Ghekiere’s work resists easy categorization. Rather than adhere to one style or methodology, he embraced a wide range of techniques and visual languages that blended figuration and abstraction. Internet imagery, personal photographs, and found sources often served as starting points, but his treatment of these motifs was anything but straightforward. Through unexpected colour combinations, unusual compositional choices, and a willingness to distort and subvert conventional forms of beauty, Ghekiere’s paintings challenge the viewer’s expectations at every turn.
Irony and self-reflection were central to Ghekiere’s artistic philosophy. While he could produce virtuoso painterly surfaces — lush with texture, vivid colour, and complex layering — his images frequently flirt with artificiality and ambiguity. Classical symbols of beauty and motifs such as plants, portraits, folk dancers, or everyday scenes are re-presented in ways that question their authenticity and cultural resonance. In doing so, he played with what he once described with a wry modesty: “It’s just a painting.”
Throughout his career, Ghekiere also maintained a deep interest in works on paper. He amassed an extensive archive of sketches, collages, drawings, watercolours, and other paper-based pieces created both in his studio and during his extensive travels. A pivotal journey through Asia in 1990-1991 — spanning countries like the Philippines, China, Pakistan, India, Japan and Thailand — yielded hundreds of works that not only stand on their own pictorial feet but also seeded visual ideas that would return in his later paintings.
Ghekiere’s work was exhibited widely across Belgium. He participated in important group shows and was featured in solo exhibitions at institutions such as S.M.A.K. (Stedelijk Museum voor Actuele Kunst) in Ghent (BE) and galleries such as Kristof De Clercq gallery (Ghent, BE) and De Garage (Mechelen, BE).

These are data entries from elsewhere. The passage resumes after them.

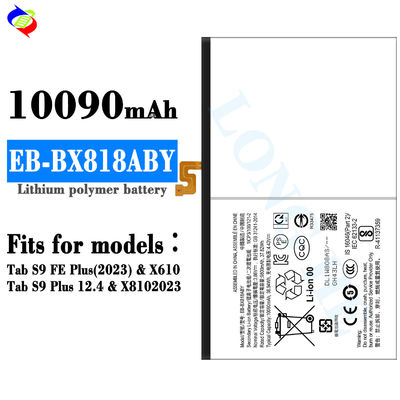 EB-BX818ABY Tab S9 FE Plus 2023 X610 Tab s9 plus 12.4 x8102023用のテーブルバッテリー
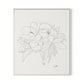 Magnolia Canvas Floater Framed / 27.5 x 32 in / White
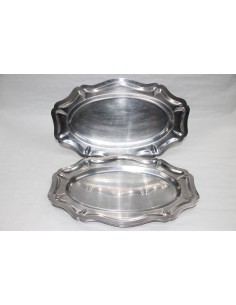 Plat long inox décoratif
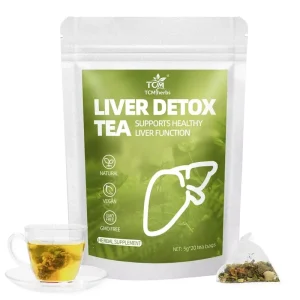 Liver & Kidney Detox Organic Chinese Natural Herbs Tea for Adult Beauty Care-Private Label Health 20 Bags/Pack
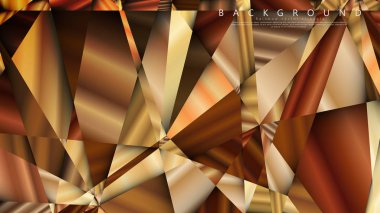 Soyut geometrik arka plan. vektör gradyan altın üçgen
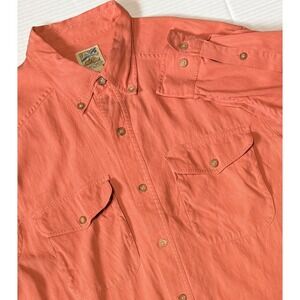 TRAVELSMITH‎ - Men's Silk Blend Button Long Sleeve Shirt - Large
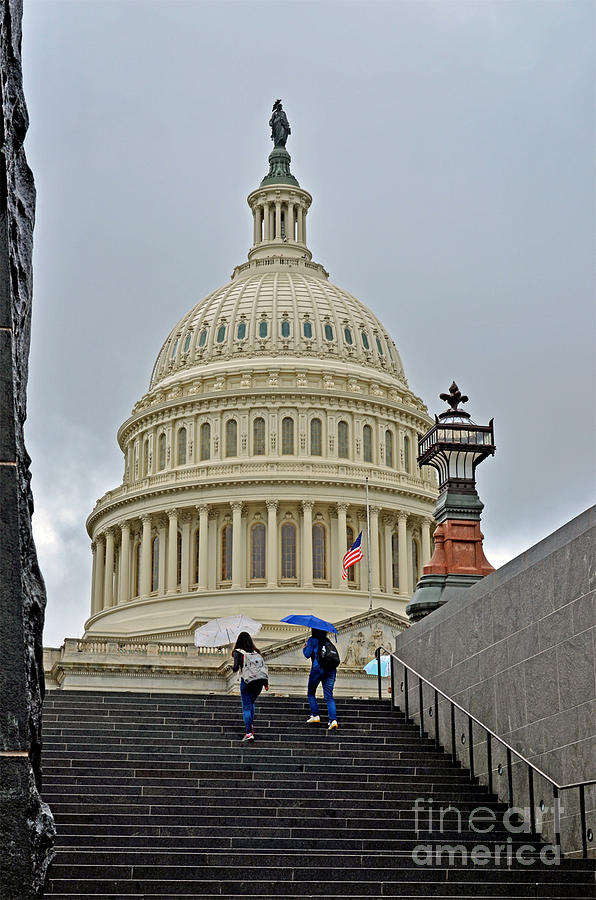 The Dome of the United States Capitol Photograph by Jim Fitzpatrick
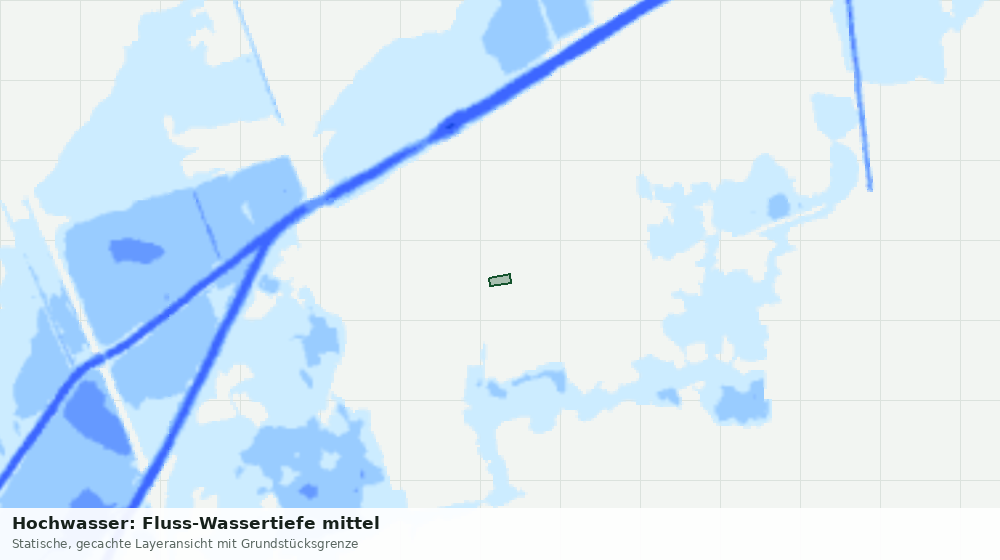 Statische Kartenansicht: Hochwasser: Fluss-Wassertiefe mittel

His posthumous exhibitions — including retrospectives and presentations of his works on paper — continue to reveal the depth and breadth of his artistic enquiry.
Beyond his studio practice, Ghekiere contributed to the artistic community as a teacher, notably at the Karel de Grote Hogeschool in Antwerp (BE). He lived and worked in a converted barge school in Klein Willebroek, where he cultivated a rich creative life.
Today, Joris Ghekiere’s legacy lives on through the continued exhibition and study of his work, which remains compelling for its expressive range, technical finesse, and capacity to reveal the unexpected in the everyday image. His artistic estate is managed by the Joris Ghekiere Foundation, which is dedicated to preserving, researching, and promoting his oeuvre for future generations.